How to get the index of a particle in snapshot file when particle ID is known?

Zhaozhou Li
  • 5
  • 15 May '16

I'm considering tracing disrupted subhalo by following its most bound paticles at the last snapshot where it is still aliave. To get the current (z=0) position/velocity of this particle, I have to compare its ID with every particle unitill matching, something like this:

for i in range(nfiles):
    for j in range(ntypes):
        for k in range(npart_thisfile):
            if ParticleID[k] == partID:
                return i, j,k

It would be quite slow when I have many particles to trace. Do you have any better ideas for getting the position/velocity of a particle when its unique ID is know?

As I know, particle ID is encoded by its initial position.

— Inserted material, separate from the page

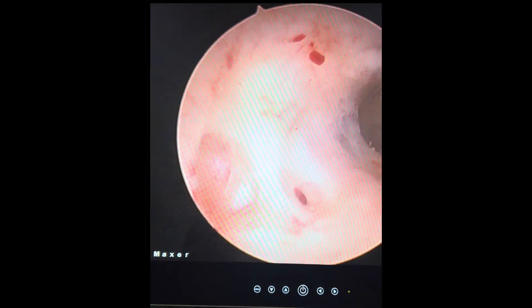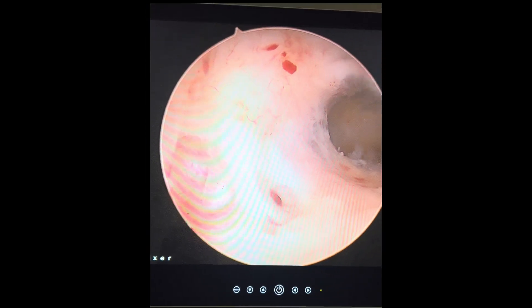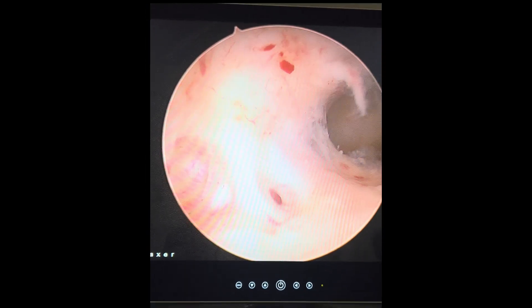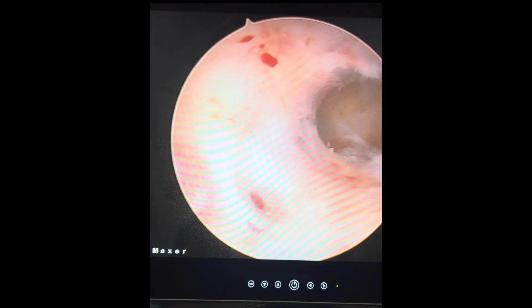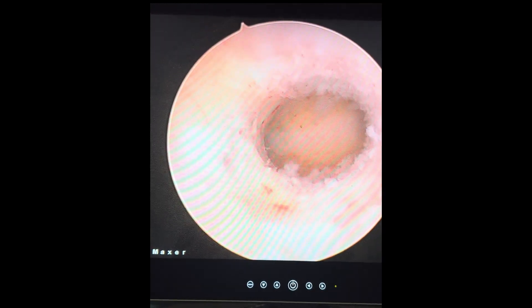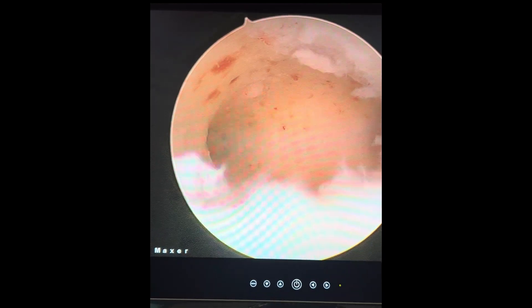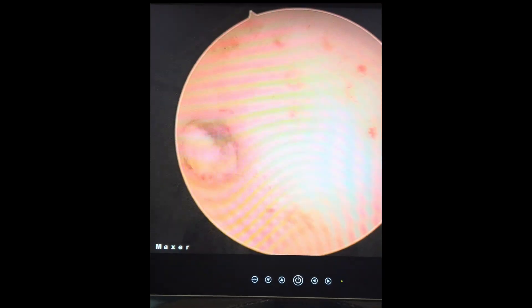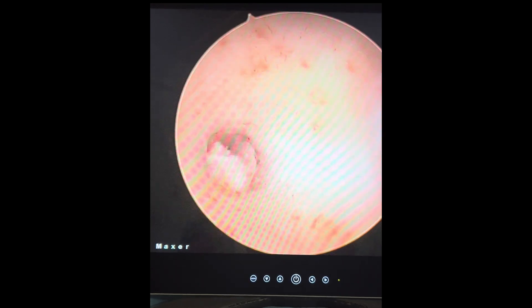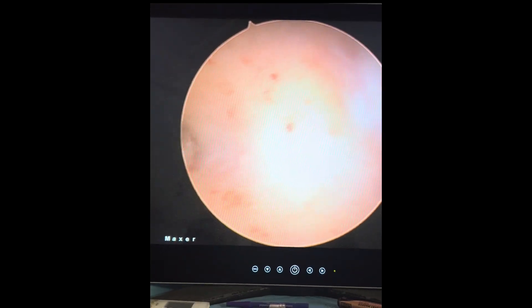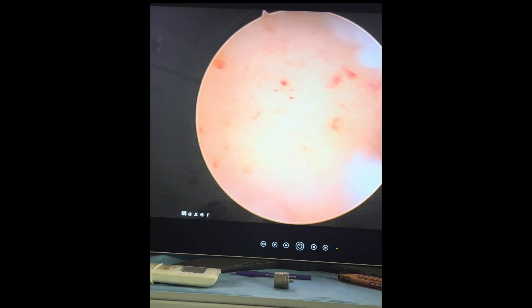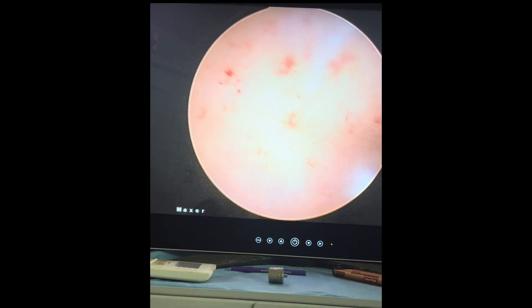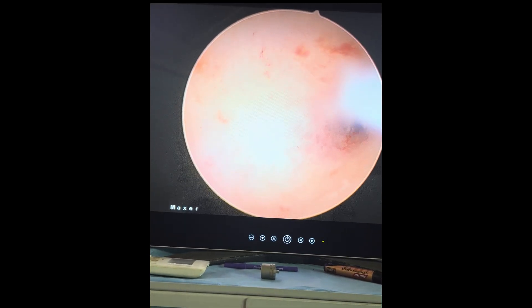Here you can see that on hysteroscopy the uterine cavity looks bald, and there is a cystic lesion in the endometrium. Once we go in, you can see hyperemic spots all around, micro polyps, and also strawberry spots all over the endometrial cavity.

Does it contain any other information?

Is it possible to tell the type of a particle (or it is stored in which file) by its ID?

Another question is that if a gas particle ceases to exist (as gas), how to trace its matter? Using tracer particles? Anyway, maybe I can use the most bound DM particle to work around.

Sorry if I missed anything obvious. Thanks a lot!

Zhaozhou Li
  • 6
  • 15 May '16

For the moment, the best way I found is building Binary Search Tree or Hash Tree. I'm not very familar with these algorithm. Not sure about the efficiency of Python (eg. python dictionary?), maybe Cython is needed.

Hmm, or build a sorted array like

ix = argsort(particleIDs)
id_arr = particleIDs[ix]
ind_arr = (index*512 + numfile)[ix]

(Use C for more efficient implementation if necessary.)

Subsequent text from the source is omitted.